*** Block opens ***

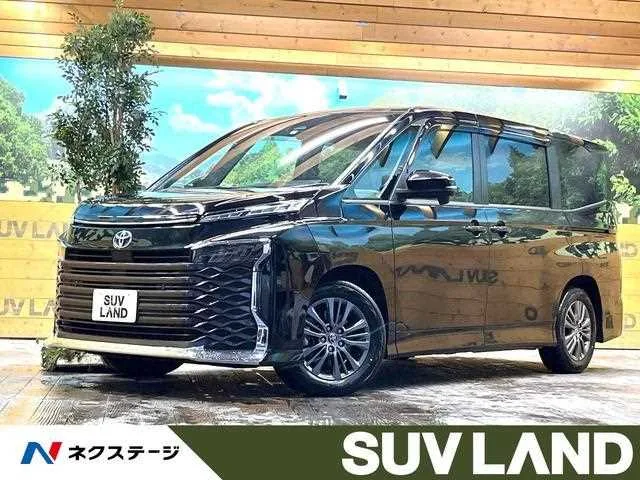 Toyota Voxy 2023 — фото 1, купить с доставкой в Москву
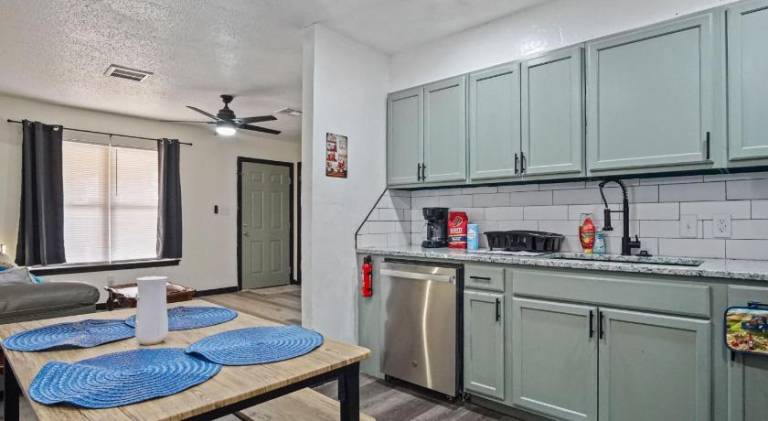 Holiday apartment with 2 rooms for 4 persons — photo 5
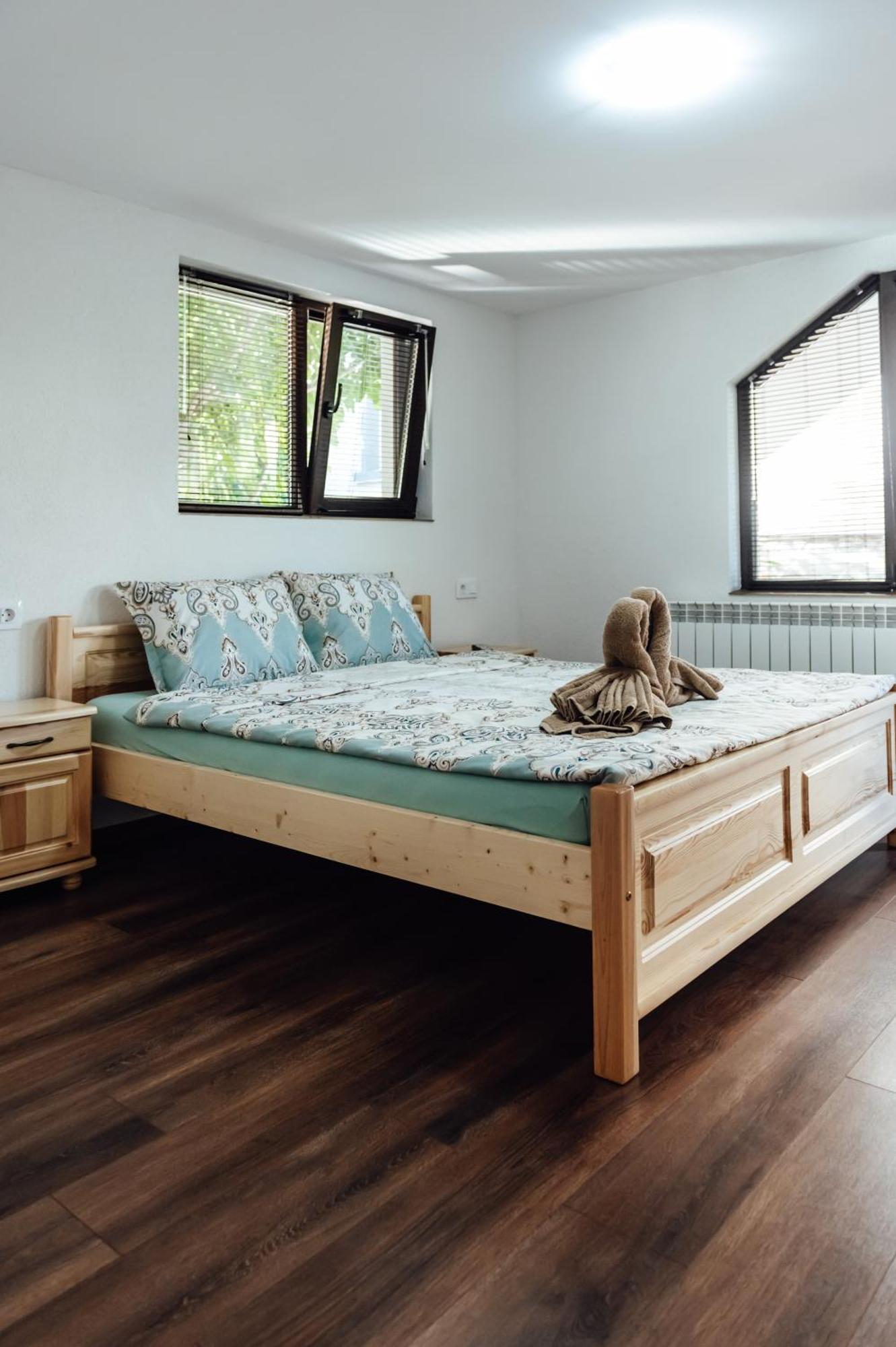 Guesthouse Juli Sapareva Banya ภายนอก รูปภาพ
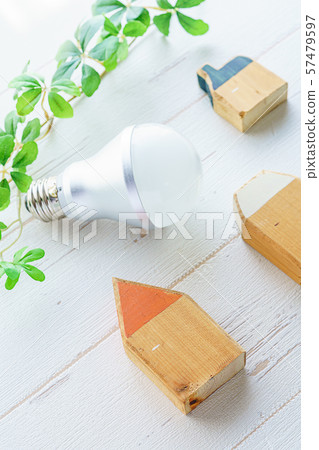 微型房子由LED燈泡和木頭製成 微型房子由LED燈泡和木頭製成 57479597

*** Block closes ***

→ **Problem requirements**
Pictures stay out; everything else in the listing above gets restated word for word.

→ **Written solution**
 Toyota Voxy 2023 — фото 1, купить с доставкой в Москву
 Holiday apartment with 2 rooms for 4 persons — photo 5
 Guesthouse Juli Sapareva Banya ภายนอก รูปภาพ
 微型房子由LED燈泡和木頭製成 微型房子由LED燈泡和木頭製成 57479597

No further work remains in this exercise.